● What to produce
What is the number of lines in the entries that contain the word "size"? Answer with that figure alone.
━━━━━ Given data
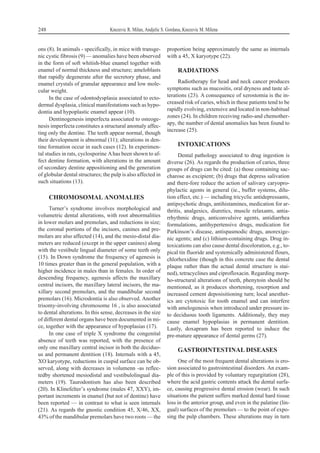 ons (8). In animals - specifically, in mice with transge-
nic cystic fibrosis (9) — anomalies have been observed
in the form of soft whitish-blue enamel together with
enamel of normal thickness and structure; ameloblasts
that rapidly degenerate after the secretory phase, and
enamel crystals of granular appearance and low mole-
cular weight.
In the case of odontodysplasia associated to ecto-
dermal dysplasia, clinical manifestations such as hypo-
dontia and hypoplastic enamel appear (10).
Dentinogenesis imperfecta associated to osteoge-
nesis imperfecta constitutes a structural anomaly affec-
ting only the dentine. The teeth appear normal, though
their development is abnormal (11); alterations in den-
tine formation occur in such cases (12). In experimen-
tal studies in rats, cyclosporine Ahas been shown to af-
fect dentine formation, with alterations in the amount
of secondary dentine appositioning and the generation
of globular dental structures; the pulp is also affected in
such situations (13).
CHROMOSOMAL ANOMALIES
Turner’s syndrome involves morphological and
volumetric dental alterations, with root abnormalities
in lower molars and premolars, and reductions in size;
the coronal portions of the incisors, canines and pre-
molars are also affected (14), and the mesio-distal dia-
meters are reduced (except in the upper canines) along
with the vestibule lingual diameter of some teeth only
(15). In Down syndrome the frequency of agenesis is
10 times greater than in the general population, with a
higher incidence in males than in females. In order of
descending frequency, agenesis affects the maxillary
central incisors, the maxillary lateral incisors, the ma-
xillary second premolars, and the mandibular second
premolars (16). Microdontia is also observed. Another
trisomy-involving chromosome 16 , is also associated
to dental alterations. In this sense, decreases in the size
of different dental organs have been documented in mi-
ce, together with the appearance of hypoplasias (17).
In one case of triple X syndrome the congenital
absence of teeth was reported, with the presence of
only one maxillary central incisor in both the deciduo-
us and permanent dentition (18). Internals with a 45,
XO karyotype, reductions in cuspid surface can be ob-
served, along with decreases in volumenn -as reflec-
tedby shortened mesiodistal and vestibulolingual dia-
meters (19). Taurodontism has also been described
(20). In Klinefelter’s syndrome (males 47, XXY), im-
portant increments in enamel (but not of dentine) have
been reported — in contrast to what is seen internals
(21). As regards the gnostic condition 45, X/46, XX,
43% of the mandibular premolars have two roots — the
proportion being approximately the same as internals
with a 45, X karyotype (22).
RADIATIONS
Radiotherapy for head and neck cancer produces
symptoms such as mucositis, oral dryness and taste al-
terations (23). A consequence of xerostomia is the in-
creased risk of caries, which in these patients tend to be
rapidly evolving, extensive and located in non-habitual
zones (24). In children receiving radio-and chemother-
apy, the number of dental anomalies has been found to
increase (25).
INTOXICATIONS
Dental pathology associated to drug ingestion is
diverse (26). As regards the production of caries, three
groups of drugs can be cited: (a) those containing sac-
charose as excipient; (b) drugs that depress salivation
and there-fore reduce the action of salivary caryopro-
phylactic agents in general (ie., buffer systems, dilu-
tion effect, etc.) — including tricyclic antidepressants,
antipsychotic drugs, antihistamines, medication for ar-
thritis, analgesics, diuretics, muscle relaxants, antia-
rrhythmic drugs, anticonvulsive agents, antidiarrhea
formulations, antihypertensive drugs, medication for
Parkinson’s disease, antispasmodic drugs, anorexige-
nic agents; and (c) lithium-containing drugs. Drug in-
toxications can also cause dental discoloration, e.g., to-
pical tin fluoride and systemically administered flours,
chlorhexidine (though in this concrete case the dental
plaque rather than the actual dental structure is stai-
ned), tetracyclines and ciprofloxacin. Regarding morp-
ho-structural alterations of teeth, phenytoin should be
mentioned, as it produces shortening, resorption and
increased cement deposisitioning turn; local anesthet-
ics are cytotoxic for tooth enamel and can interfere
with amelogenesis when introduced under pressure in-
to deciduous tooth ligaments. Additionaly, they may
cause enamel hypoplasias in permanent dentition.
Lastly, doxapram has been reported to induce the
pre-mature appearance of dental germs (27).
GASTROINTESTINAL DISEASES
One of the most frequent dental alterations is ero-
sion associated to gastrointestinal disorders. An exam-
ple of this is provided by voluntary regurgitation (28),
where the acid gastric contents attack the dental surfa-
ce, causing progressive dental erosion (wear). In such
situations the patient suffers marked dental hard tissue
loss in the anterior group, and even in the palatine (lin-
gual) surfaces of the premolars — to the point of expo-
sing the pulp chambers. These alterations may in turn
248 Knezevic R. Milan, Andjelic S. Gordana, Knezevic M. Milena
━━━━━━━━━━
● Output for this exercise
2